Entries shown: Begin

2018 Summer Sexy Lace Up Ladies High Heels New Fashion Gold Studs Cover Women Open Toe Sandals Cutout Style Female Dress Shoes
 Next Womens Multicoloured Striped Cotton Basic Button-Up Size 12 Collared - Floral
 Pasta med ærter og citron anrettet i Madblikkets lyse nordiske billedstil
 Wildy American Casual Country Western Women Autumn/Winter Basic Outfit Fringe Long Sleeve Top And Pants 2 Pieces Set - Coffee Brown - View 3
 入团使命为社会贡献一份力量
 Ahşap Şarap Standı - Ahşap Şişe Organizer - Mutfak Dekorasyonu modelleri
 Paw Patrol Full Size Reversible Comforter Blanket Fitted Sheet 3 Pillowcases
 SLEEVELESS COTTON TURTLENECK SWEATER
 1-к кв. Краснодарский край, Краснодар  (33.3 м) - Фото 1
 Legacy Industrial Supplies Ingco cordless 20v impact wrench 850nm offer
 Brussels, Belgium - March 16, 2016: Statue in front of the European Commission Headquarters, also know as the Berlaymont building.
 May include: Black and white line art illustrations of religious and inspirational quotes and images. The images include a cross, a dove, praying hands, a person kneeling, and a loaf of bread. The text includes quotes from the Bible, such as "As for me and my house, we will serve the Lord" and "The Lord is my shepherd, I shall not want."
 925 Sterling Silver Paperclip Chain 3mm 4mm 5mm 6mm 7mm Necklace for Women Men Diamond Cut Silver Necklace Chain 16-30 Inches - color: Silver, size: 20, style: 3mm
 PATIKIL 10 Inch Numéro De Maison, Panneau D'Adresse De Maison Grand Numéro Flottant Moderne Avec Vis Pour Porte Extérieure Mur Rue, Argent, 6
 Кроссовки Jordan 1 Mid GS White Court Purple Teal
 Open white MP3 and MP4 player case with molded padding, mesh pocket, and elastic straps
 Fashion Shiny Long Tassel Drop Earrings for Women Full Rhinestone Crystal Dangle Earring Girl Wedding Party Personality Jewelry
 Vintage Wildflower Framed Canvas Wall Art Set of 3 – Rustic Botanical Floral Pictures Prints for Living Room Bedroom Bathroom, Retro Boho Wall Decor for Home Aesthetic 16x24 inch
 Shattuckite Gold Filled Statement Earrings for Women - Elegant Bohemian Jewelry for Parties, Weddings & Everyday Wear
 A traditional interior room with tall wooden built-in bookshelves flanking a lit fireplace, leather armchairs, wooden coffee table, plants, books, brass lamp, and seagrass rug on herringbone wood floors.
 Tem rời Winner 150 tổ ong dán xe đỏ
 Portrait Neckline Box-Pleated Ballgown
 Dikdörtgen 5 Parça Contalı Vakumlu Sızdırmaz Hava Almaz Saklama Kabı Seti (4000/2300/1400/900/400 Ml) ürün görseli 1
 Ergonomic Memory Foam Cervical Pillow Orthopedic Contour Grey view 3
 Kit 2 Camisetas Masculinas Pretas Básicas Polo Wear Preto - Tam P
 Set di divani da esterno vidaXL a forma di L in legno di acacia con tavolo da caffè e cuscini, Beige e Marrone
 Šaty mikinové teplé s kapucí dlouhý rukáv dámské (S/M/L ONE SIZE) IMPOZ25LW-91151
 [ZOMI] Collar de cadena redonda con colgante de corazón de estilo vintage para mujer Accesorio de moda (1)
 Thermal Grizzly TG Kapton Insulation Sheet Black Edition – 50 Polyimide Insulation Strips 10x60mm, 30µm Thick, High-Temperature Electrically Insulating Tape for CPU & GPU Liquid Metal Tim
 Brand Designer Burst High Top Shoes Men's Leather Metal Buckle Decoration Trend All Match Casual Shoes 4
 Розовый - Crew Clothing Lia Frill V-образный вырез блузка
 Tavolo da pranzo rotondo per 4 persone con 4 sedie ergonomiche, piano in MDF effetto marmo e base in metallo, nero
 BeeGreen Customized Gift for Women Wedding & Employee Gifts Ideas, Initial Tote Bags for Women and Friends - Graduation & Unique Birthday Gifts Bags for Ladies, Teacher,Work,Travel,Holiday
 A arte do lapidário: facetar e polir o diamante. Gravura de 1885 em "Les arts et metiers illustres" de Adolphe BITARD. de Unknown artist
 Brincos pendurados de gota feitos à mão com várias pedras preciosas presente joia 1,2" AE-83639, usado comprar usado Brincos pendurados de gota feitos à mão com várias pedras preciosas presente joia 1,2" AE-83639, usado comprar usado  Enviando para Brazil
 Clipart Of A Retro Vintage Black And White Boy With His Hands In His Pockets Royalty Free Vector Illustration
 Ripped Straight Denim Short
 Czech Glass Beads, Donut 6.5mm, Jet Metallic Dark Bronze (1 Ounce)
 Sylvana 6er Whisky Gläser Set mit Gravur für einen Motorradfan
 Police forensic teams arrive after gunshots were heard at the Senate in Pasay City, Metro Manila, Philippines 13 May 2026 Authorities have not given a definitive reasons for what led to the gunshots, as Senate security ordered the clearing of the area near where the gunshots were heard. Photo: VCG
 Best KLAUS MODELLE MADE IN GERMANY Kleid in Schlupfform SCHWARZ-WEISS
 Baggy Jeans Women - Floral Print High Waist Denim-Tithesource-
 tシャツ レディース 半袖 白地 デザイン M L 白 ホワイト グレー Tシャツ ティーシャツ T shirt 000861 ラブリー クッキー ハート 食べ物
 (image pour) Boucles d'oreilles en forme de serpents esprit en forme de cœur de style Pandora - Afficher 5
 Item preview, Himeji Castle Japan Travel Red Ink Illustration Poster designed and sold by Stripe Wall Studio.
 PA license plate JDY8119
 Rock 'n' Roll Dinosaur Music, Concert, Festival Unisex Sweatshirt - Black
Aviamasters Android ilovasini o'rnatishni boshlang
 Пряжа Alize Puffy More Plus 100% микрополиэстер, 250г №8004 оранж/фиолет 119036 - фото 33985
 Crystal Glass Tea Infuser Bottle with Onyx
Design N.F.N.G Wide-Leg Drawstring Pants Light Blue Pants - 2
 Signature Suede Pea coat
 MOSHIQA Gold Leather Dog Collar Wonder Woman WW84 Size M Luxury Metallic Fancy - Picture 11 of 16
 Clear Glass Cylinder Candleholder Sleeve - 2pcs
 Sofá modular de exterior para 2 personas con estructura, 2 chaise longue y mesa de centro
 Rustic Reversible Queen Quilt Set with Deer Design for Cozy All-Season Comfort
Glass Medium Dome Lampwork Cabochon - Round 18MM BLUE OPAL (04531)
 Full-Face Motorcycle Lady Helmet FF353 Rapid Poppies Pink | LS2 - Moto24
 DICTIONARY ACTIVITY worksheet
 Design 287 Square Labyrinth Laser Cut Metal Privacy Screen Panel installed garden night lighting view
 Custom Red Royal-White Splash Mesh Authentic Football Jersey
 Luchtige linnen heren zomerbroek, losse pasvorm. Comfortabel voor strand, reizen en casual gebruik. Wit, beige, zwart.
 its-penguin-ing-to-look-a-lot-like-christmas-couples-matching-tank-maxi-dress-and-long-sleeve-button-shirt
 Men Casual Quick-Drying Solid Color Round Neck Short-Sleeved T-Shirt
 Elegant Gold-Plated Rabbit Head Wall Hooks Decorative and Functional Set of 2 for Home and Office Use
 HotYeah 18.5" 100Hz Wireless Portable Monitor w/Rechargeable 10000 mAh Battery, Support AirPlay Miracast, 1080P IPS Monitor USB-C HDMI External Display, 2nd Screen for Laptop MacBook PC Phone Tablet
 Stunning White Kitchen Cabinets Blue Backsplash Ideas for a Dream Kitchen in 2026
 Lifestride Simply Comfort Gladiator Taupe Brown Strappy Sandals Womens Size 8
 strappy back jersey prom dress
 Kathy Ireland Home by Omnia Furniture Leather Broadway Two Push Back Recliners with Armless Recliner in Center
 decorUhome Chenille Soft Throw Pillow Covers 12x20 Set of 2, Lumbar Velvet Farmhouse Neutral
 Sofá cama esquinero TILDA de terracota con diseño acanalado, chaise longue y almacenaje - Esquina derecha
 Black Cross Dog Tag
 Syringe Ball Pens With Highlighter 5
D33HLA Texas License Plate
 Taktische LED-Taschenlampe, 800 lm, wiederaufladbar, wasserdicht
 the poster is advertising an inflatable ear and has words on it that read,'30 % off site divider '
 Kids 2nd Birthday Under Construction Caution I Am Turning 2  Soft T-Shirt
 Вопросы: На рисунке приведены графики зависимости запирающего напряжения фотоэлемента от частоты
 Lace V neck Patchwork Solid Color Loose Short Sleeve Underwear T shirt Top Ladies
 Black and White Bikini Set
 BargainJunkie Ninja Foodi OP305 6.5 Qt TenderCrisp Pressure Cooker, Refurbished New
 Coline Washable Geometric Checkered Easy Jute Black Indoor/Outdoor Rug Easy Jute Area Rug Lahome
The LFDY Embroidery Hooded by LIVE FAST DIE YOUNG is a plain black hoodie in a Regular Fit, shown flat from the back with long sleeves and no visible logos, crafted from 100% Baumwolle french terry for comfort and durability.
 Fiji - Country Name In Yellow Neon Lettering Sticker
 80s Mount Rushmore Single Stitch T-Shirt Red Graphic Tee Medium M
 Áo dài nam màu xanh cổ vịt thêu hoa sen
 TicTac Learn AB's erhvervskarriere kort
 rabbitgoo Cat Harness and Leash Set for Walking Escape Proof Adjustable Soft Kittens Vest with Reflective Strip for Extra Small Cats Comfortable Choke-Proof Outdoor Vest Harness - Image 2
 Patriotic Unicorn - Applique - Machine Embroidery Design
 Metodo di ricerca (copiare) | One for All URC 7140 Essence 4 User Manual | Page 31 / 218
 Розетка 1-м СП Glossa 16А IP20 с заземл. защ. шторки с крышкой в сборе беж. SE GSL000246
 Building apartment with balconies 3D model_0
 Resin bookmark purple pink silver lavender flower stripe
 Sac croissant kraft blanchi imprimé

Entries shown: End

● **Work instructions**
From the material above, set down exactly the lines between the line holding "Vintage Wildflower Framed" and the line holding "Portrait Neckline Box-Pleated Ballgown", inclusive. Include nothing else.

● **Output of the exercise**
 Vintage Wildflower Framed Canvas Wall Art Set of 3 – Rustic Botanical Floral Pictures Prints for Living Room Bedroom Bathroom, Retro Boho Wall Decor for Home Aesthetic 16x24 inch
 Shattuckite Gold Filled Statement Earrings for Women - Elegant Bohemian Jewelry for Parties, Weddings & Everyday Wear
 A traditional interior room with tall wooden built-in bookshelves flanking a lit fireplace, leather armchairs, wooden coffee table, plants, books, brass lamp, and seagrass rug on herringbone wood floors.
 Tem rời Winner 150 tổ ong dán xe đỏ
 Portrait Neckline Box-Pleated Ballgown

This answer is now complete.